Practical Tips for Including Creatine in Your Diet

For optimal gut health (and overall health), the best evidence supports a balanced diet of primarily plant-based foods consisting of various fruits and vegetables containing varied sources of dietary fiber (prebiotics). In addition, including some probiotic food sources (yogurt, kefir, sauerkraut, kimchi, pickles) will likely enhance your gut health. Here is an excellent guide to finding gut-healthy foods in the grocery store. Life is an experiment; ultimately, you must determine what works best for you!  

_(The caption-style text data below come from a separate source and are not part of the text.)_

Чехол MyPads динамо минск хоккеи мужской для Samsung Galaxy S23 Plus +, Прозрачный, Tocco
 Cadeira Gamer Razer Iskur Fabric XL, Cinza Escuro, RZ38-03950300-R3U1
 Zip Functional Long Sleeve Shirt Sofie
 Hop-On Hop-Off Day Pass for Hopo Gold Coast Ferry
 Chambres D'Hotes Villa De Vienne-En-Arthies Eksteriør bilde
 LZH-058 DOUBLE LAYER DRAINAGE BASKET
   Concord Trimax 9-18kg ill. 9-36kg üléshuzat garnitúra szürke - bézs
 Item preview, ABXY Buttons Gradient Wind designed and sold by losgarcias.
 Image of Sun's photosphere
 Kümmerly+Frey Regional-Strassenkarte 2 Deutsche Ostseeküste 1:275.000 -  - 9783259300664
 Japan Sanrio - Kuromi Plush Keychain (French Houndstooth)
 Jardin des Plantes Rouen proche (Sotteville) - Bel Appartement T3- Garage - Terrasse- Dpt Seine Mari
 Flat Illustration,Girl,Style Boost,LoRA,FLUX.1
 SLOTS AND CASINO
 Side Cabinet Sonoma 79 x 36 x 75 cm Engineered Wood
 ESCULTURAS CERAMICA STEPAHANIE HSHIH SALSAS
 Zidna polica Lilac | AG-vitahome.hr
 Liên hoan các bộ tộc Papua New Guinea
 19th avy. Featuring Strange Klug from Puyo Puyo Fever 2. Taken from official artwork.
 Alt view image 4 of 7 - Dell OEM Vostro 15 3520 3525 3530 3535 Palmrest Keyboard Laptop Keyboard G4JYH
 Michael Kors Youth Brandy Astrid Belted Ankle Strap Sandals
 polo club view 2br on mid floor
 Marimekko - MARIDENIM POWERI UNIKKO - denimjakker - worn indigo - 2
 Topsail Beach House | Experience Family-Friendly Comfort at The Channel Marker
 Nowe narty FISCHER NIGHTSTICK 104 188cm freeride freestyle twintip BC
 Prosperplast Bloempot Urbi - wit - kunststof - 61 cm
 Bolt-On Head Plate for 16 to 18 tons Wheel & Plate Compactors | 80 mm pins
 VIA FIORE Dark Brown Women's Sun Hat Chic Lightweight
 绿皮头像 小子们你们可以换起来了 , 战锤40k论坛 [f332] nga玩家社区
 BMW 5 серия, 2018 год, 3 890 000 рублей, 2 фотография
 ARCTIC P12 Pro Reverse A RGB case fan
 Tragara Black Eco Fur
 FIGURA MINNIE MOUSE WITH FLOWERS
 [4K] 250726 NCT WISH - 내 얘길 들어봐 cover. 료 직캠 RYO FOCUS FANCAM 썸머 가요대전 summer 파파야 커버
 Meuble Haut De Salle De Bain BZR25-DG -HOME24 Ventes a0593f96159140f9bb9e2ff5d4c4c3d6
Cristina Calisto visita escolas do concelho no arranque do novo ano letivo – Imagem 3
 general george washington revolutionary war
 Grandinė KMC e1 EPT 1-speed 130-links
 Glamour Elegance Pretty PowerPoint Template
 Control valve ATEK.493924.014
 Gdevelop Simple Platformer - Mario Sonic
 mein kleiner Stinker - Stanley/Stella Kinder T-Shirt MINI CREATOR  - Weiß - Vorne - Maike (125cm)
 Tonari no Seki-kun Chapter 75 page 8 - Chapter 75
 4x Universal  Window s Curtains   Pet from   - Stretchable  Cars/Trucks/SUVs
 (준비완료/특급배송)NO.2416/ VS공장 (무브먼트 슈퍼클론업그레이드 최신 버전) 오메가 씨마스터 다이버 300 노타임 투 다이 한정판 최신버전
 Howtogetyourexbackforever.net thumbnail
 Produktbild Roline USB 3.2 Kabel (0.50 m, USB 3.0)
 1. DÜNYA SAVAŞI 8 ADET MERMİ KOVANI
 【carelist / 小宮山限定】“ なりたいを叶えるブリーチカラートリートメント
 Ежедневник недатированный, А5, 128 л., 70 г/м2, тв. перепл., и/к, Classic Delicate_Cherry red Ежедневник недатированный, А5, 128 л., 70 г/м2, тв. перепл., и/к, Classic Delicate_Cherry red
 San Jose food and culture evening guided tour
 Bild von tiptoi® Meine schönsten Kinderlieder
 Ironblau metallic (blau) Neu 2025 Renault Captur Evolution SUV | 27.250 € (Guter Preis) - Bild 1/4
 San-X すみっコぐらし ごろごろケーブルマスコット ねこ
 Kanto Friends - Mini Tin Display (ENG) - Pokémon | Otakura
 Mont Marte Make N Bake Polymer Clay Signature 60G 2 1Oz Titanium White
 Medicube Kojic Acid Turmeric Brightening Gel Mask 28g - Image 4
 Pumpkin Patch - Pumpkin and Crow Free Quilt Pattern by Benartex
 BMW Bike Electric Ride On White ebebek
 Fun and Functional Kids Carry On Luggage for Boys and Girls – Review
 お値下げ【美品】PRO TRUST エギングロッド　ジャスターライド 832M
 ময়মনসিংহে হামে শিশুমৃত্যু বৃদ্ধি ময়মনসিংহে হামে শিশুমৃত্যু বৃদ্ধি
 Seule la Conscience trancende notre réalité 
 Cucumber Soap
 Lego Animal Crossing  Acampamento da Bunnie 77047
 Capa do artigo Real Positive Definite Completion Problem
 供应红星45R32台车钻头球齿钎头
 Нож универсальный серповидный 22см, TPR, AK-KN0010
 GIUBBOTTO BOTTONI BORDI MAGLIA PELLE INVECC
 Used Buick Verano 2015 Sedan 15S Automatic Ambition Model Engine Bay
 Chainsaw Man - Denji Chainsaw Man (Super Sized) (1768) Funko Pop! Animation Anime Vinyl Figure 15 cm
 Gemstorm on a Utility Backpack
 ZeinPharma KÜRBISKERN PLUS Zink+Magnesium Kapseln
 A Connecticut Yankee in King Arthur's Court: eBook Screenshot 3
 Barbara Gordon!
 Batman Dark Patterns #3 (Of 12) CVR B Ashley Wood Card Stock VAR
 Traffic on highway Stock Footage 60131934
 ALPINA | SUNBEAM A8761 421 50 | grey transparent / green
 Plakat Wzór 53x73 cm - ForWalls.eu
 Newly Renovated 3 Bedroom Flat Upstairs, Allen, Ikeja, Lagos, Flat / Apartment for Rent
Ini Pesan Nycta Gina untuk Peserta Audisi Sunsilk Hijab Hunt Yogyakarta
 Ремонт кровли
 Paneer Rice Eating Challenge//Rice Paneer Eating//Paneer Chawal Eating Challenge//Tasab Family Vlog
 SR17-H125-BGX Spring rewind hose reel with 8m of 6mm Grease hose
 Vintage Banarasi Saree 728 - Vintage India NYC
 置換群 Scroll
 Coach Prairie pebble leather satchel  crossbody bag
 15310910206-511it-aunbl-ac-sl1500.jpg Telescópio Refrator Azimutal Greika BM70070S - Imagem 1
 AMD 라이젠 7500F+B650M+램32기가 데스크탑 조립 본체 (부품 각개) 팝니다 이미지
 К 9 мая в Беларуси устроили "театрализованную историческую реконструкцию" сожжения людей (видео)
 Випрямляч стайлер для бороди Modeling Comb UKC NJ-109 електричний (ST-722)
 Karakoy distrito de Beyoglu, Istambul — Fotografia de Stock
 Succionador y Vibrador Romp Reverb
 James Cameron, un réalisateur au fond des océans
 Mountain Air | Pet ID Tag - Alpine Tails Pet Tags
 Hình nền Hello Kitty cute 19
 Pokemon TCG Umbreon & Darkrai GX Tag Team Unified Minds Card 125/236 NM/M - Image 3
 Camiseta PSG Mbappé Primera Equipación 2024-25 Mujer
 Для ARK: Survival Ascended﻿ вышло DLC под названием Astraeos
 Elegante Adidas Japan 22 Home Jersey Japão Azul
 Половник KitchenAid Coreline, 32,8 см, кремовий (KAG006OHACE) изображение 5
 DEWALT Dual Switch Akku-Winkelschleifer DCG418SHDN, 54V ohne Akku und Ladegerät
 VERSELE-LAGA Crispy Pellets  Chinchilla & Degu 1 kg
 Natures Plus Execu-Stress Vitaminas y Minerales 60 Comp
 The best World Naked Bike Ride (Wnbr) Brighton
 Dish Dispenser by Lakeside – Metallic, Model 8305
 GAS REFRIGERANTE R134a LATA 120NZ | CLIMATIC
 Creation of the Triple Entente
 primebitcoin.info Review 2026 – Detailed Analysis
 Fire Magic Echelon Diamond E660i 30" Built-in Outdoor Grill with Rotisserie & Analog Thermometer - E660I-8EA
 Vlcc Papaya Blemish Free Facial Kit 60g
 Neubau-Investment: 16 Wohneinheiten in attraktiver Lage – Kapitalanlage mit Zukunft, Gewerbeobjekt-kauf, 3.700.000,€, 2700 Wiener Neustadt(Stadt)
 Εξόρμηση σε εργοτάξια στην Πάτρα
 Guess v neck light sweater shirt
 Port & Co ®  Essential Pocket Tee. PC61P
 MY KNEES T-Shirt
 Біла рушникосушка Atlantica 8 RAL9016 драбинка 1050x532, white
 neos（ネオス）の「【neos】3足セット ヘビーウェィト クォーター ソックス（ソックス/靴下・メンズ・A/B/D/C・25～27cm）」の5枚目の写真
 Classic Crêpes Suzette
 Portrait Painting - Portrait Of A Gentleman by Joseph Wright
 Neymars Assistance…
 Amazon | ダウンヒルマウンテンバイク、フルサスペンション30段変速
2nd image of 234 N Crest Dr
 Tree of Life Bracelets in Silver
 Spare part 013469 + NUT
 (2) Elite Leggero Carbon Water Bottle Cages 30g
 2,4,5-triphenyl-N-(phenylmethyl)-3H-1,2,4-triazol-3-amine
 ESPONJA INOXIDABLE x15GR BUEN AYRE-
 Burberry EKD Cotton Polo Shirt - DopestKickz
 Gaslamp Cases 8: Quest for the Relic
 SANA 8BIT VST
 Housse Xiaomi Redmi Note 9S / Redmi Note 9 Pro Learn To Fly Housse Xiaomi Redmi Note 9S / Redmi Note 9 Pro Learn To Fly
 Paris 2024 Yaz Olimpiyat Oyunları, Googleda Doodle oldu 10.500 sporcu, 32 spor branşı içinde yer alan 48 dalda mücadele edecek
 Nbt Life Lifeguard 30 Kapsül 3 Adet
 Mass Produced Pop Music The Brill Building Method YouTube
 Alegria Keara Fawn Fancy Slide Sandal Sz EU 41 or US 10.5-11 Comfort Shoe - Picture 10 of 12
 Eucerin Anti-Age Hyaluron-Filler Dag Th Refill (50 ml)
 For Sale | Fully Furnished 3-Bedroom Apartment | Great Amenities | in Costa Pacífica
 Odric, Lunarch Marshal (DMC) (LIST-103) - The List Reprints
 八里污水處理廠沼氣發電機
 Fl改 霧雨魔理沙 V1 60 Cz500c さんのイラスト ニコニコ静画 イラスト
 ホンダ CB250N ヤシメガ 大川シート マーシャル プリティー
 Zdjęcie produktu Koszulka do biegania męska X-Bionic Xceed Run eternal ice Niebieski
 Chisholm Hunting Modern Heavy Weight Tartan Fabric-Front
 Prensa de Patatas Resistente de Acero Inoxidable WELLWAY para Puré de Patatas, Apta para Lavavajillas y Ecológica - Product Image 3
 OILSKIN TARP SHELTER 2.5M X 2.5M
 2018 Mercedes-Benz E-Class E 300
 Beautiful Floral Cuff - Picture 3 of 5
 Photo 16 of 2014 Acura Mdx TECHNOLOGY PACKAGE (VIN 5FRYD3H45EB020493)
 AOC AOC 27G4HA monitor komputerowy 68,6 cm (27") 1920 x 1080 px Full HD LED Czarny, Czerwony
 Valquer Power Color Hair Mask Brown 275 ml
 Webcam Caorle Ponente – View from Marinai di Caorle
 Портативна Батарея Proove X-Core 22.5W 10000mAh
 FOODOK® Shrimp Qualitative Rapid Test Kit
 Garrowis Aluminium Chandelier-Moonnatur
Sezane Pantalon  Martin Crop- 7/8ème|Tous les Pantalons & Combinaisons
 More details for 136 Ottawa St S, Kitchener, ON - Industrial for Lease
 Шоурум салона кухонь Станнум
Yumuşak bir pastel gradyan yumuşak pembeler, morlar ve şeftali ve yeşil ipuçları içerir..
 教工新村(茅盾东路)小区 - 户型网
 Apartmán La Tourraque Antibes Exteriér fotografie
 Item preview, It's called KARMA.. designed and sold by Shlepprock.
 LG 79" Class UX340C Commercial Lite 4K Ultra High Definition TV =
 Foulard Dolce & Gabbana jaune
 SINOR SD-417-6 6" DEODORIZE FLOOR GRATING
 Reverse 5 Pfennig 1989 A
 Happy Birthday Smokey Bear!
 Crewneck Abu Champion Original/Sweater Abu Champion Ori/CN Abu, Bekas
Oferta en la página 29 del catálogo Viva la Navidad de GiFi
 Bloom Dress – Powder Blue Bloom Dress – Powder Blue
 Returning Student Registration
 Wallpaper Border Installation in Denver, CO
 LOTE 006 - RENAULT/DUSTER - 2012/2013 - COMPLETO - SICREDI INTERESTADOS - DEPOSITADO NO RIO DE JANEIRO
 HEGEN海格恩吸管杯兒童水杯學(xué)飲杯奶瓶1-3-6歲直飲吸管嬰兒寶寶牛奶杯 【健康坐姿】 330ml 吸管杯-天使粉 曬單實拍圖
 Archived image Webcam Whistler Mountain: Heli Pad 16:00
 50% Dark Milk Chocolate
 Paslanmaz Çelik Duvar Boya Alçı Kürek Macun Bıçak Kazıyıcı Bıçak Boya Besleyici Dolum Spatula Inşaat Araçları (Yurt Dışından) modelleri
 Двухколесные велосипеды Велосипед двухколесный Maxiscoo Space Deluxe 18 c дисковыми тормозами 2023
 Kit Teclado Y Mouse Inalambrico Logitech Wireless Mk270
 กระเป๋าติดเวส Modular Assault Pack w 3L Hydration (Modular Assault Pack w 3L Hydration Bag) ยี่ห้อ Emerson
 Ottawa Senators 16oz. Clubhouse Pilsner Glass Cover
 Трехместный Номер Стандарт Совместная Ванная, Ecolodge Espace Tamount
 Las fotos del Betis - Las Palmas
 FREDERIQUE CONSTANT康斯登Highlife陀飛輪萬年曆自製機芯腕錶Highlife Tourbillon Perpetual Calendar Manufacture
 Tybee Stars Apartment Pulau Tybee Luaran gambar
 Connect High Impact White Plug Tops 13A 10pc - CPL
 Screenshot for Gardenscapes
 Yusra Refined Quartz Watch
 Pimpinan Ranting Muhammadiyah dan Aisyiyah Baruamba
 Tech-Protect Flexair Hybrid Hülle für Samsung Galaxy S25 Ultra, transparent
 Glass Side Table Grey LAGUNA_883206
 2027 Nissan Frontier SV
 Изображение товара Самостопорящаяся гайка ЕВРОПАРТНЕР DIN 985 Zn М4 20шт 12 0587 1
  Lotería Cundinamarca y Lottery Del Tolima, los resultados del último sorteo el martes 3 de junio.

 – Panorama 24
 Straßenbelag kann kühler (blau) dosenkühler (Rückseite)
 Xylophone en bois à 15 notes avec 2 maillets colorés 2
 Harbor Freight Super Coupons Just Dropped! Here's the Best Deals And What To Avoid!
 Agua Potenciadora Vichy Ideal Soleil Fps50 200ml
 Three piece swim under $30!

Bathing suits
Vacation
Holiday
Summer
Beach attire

  1. Das, S., Preethi, B., Kushwaha, S., & Shrivastava, R. (2024). Therapeutic strategies to modulate gut microbial health: Approaches for sarcopenia management. Histology and histopathology, 18730. Advance online publication.
  2. Forbes, S. C., Candow, D. G., Ostojic, S. M., Roberts, M. D., & Chilibeck, P. D. (2021). Meta-Analysis Examining the Importance of Creatine Ingestion Strategies on Lean Tissue Mass and Strength in Older Adults. Nutrients, 13(6), 1912.
  3. Kreider, R. B., Kalman, D. S., Antonio, J., Ziegenfuss, T. N., Wildman, R., Collins, R., Candow, D. G., Kleiner, S. M., Almada, A. L., & Lopez, H. L. (2017). International Society of Sports Nutrition position stand: safety and efficacy of creatine supplementation in exercise, sport, and medicine. Journal of the International Society of Sports Nutrition, 14, 18.
  4. Lee, J. S., Wang, R. X., Alexeev, E. E., & Colgan, S. P. (2021). Intestinal Inflammation as a Dysbiosis of Energy Procurement: New Insights into an Old Topic. Gut microbes, 13(1), 1–20.
  5. Nucci, R. A. B., Filho, V. A. N., Jacob-Filho, W., Otoch, J. P., & Pessoa, A. F. M. (2023). Role of Nutritional Supplements on Gut-Muscle Axis Across Age: a Mini-Review. Cellular physiology and biochemistry : international journal of experimental cellular physiology, biochemistry, and pharmacology, 57(3), 161–168.